To study the pathway of cell death activated by ATM inhibition, senescent MCF-7 cells were treated with caffeine in the presence of the pan-caspase inhibitor z-VAD-fmk. In line with previous results, a 24-hour treatment with 5 mmol/L caffeine reduced MCF-7 viability to <20% of the control (16% ± 3; Supplementary Fig. S2A). z-VAD-fmk effectively inhibited caffeine-induced death (76% ± 3 compared with control). Next, we analyzed caffeine-treated senescent MCF-7 cells for molecular markers of apoptosis and found that caffeine treatment resulted in both PARP (25) and pRb cleavage (refs. 26, 27; Supplementary Fig. S2A), which suggest the activation of caspases in caffeine-treated senescent MCF-7 cells. Because MCF-7 cells fail to express procaspase-3 (28), we screened senescent MCF-7 for activation of several caspases.
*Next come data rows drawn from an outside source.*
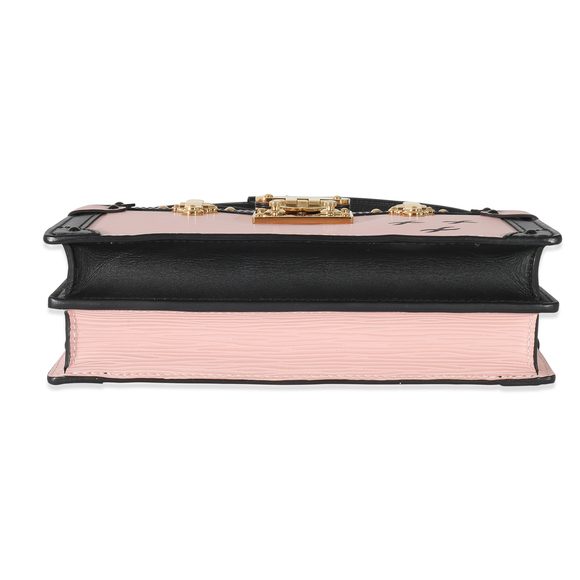 Louis Vuitton Rose Ballerine Epi Leather Trunk Clutch Shoulder Bag - Picture 5 of 8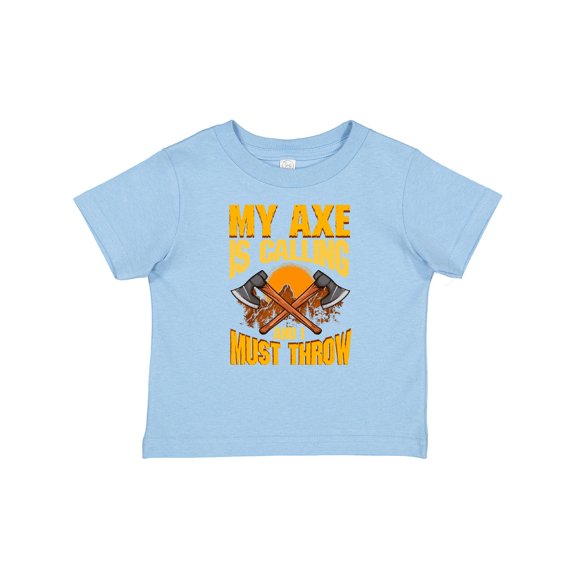 Inktastic Axe Throwing Funny Gift Boys or Girls Baby T-Shirt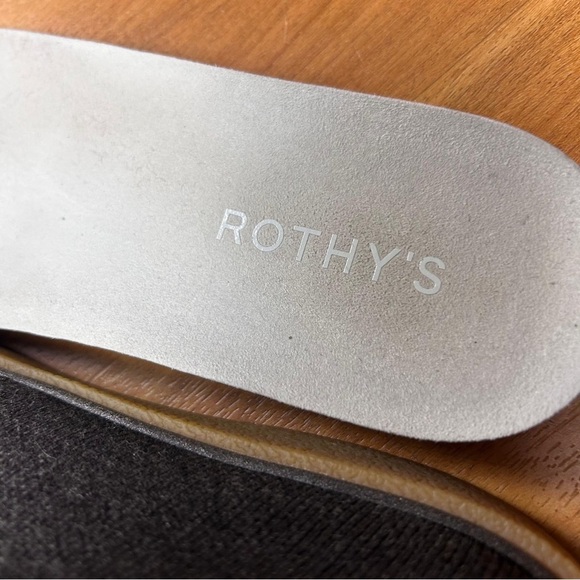 Rothy's Men’s Gray and Brown Sneakers Minimalist Design Size M11.5 - Picture 7 of 7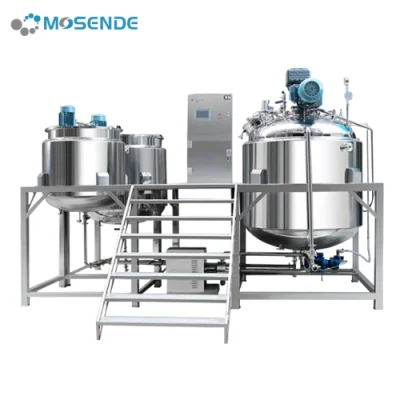 Máquina de emulsificação de levantamento elétrico 200L Homogeneizador líquido de sabão/gel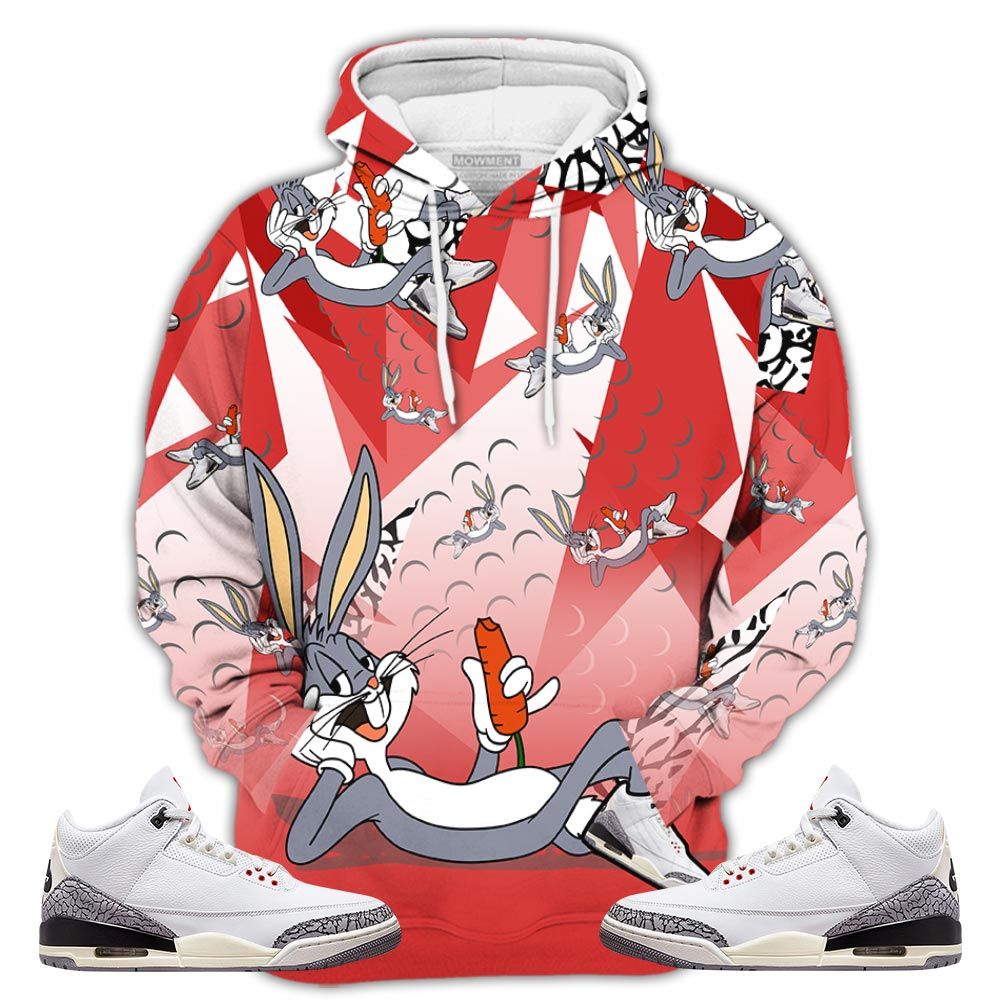 Streetwear Funny Bunny Shoes Sneaker Shirt Match White Cement 3S, Jordan Retro 3 White Cement Hoodie Sweatshirt Tee All Over Print MKO Shirt Streetwear Funny Bunny Shoes Sneaker Shirt Match White Cement 3S, Jordan Retro 3 White Cement Hoodie Sweatshirt Tee All Over Print MKO Shirt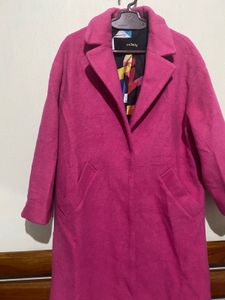 pink over coat
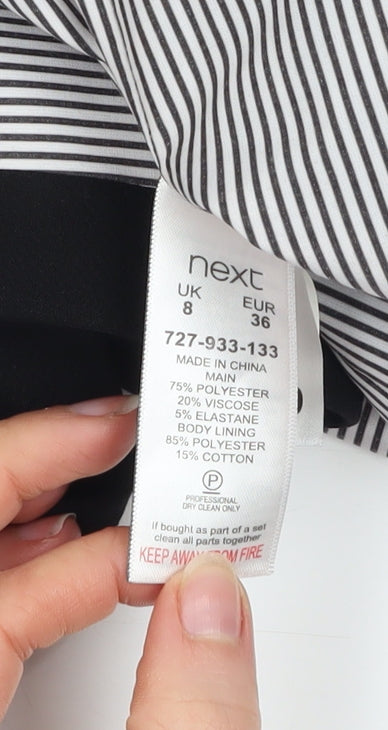 Next Women’s Black Tailored Shawl Collar Blazer UK 8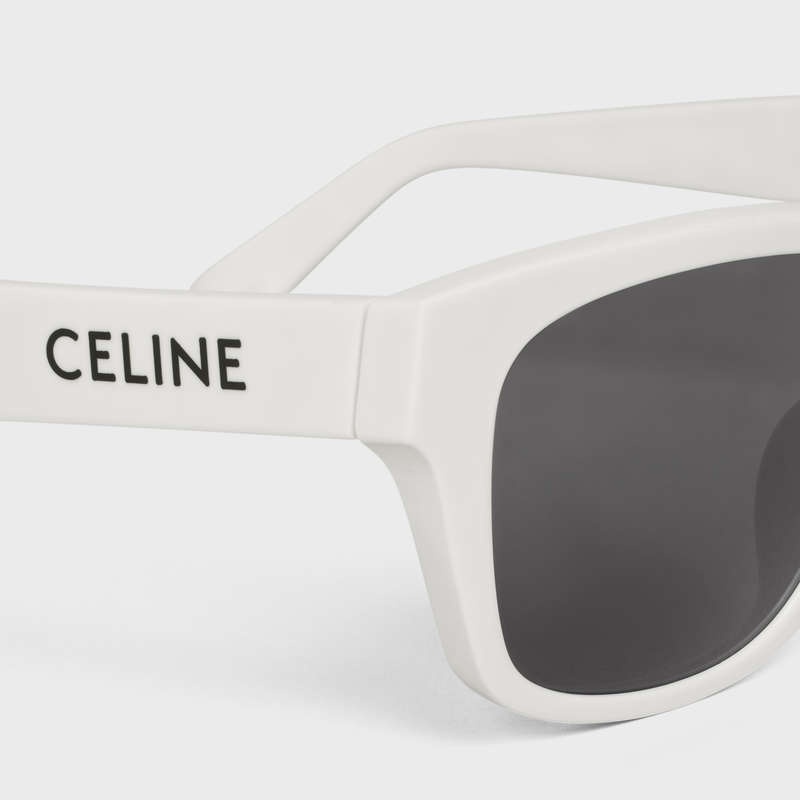 Celine Monochroms 05 in Acetate Sunglasses White | CL-591748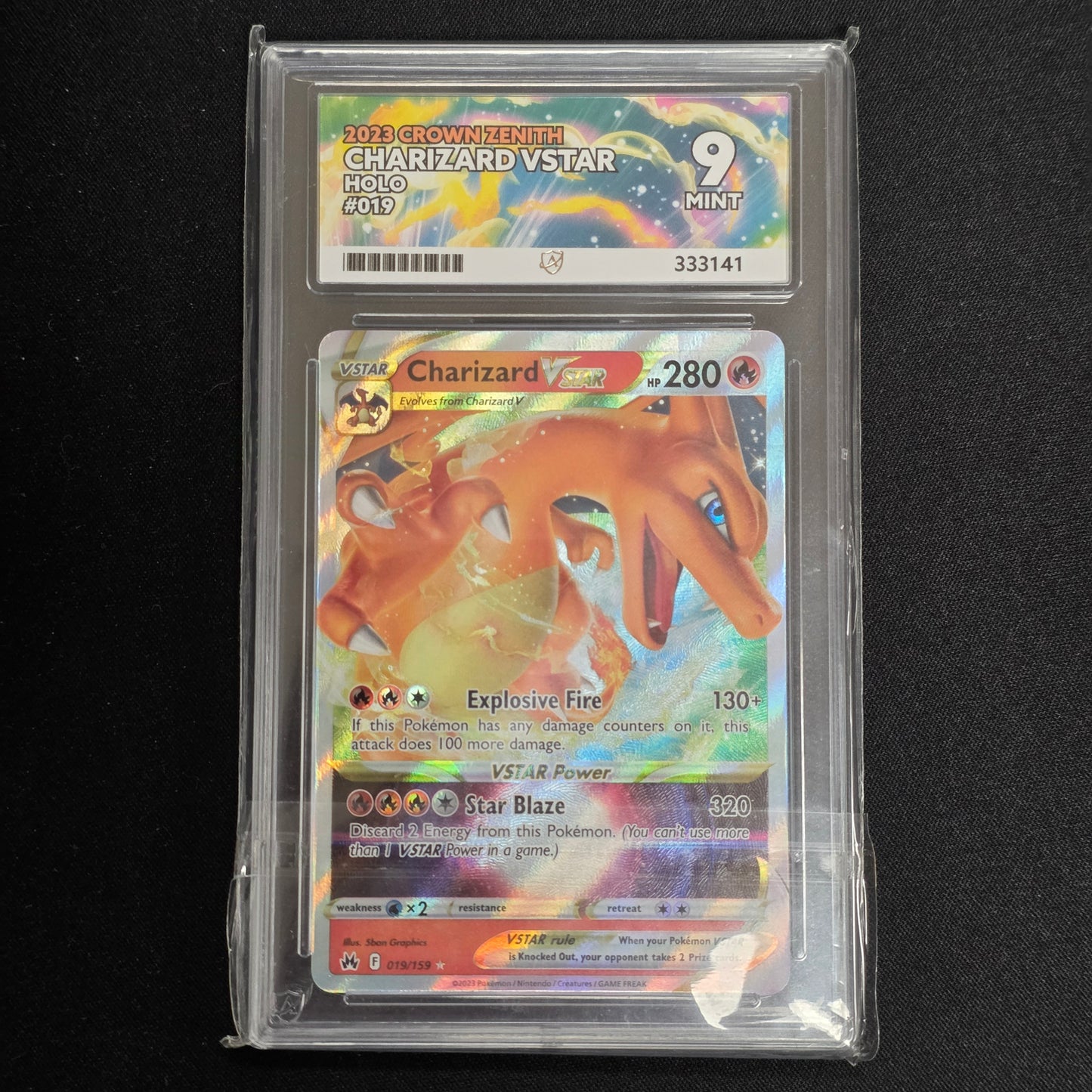 Pokemon TCG Charizard VSTAR Crown Zenith 019/159 (Ace 9)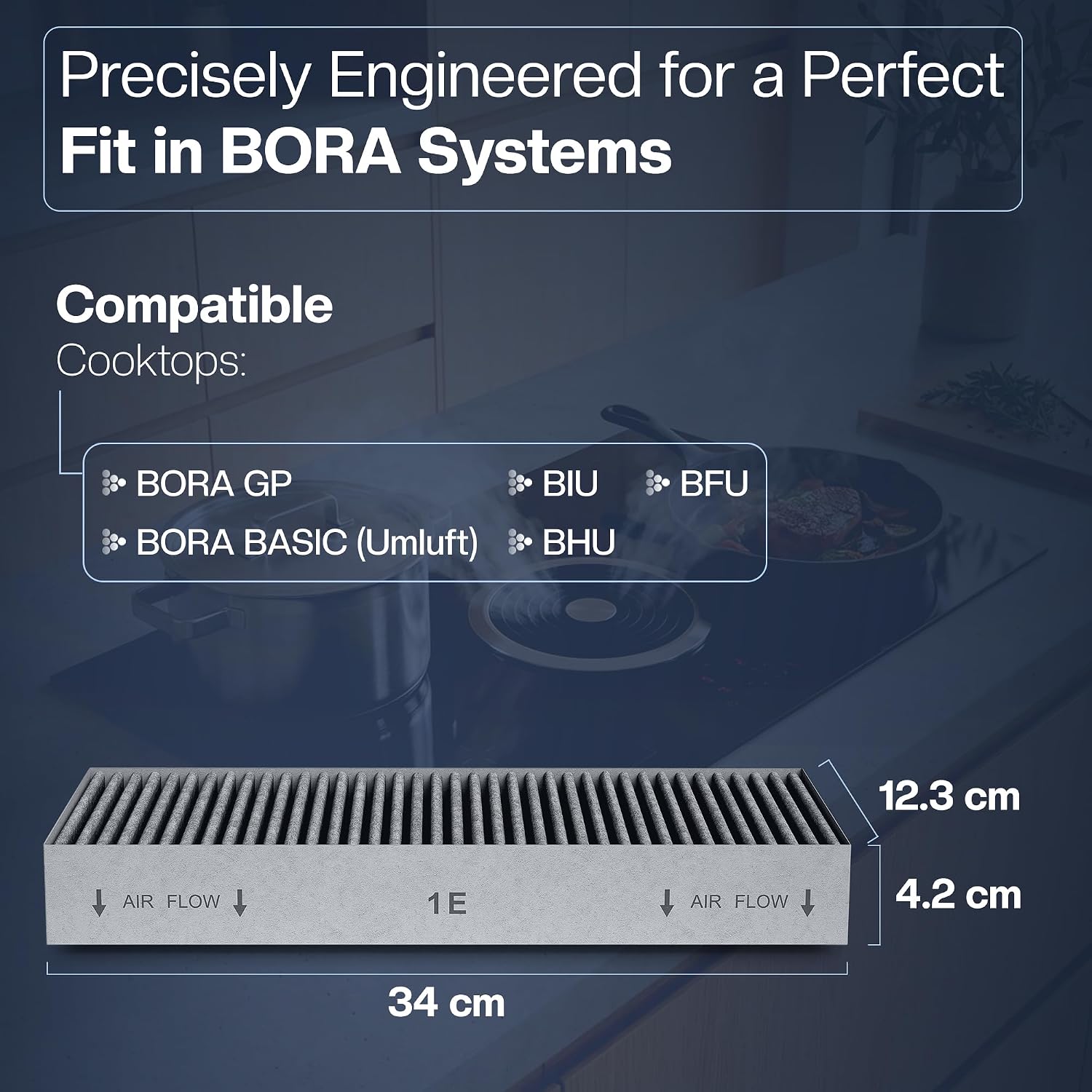 Detalle 2 de 1E BAKFS actieve koolfilters voor Bora Basic, set van 2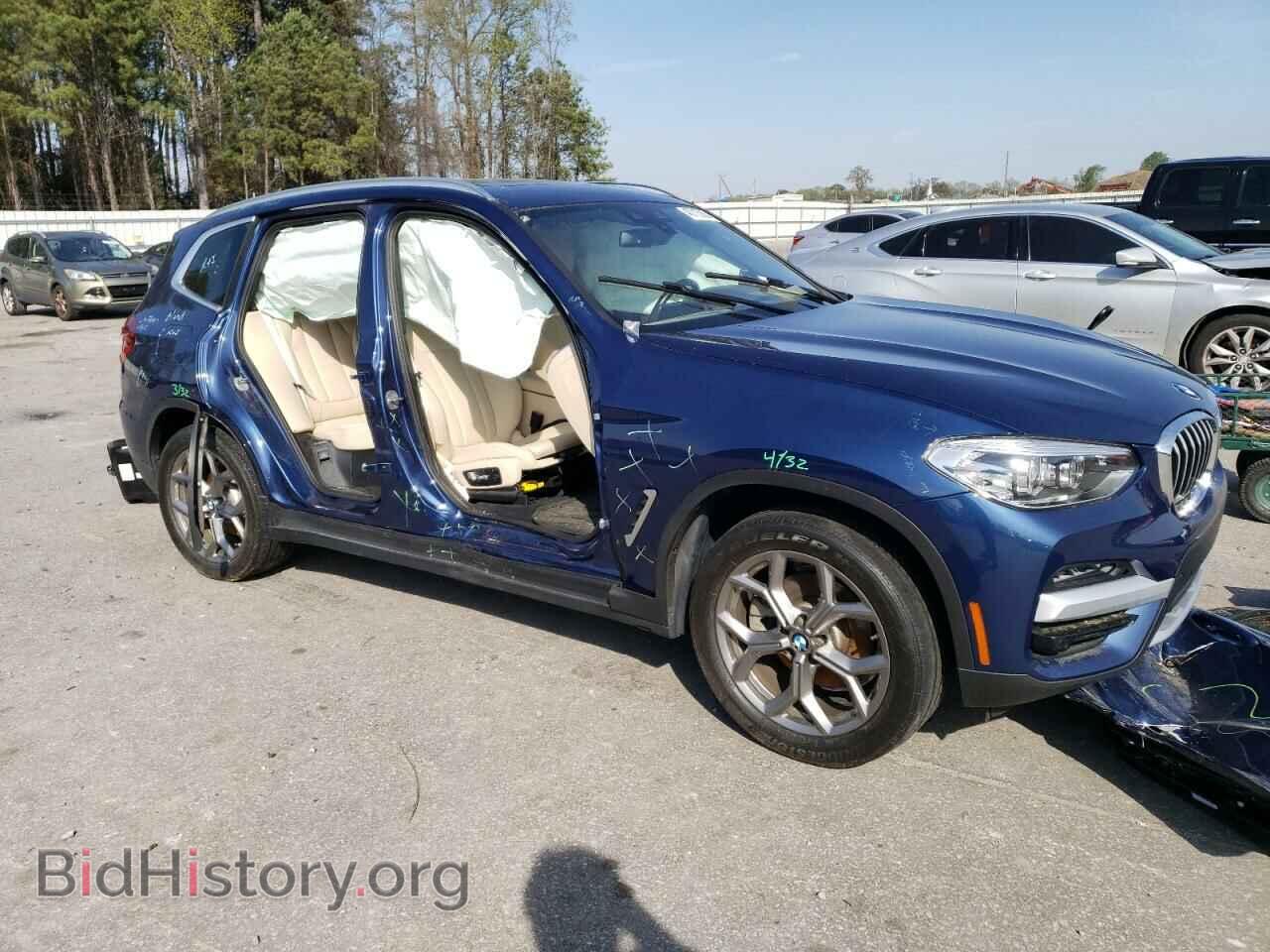 2020 BMW X3 - VIN: 5UXTY3C06L9C12051 - Фото 4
Caspase-2, caspase-7, and caspase-9 were significantly activated in caffeine-treated cells compared with untreated controls (Supplementary Fig. S2B). Caffeine-treated senescent HCT116 cells were then analyzed for molecular markers of apoptosis. The caffeine treatment greatly enhanced PARP cleavage, which is highly indicative of caspase-mediated cell death (Supplementary Fig. S2C). These data indicate that inhibition of ATM induces apoptosis in senescent MCF-7 and HCT116 cells. We also examined caffeine-treated A549 cells for molecular markers of apoptosis. Neither PARP nor pRb were cleaved in senescent A549 cells after a 72-h incubation with caffeine (Supplementary Fig. S2D). In addition, z-VAD-fmk had no effect on caffeine-induced death in senescent A549 cells (Supplementary Fig. S2E). Hence, caffeine seems to induce a caspase-independent death pathway in senescent A549 cells.
Specific inhibitors of ATM cause cell death in senescent tumor cells. To confirm the crucial role of ATM in modulating the survival of premature senescent tumor cells, we investigated the effects of two novel, specific ATM inhibitors, KU55933 (29) and CGK733 (22).
Treating senescent cells with KU55933 resulted in disappearance of phospho-ATM foci (Fig. 4A and data not shown). Dose-dependent loss of ATM phosphorylation in senescent cells treated with KU55933 was also confirmed by flow cytometry (Fig. 4B). More importantly, inhibition of ATM activity by KU55933 determined a time- and dose-dependent loss of viability in senescent MCF-7, A549, and HCT116 cells (Fig. 4C and D and data not shown).
We also investigated the effects of CGK733 on viability of premature senescent tumor cells. A dose-dependent loss of viability was induced by a 24-hour treatment with CGK733 in senescent MCF-7 cells (Fig. 4E). In contrast, treatment of senescent tumor cells with the specific DNA-dependent protein kinase inhibitor NU7026 (ref. 30; 5-20 μmol/L) did not affect cell viability (data not shown).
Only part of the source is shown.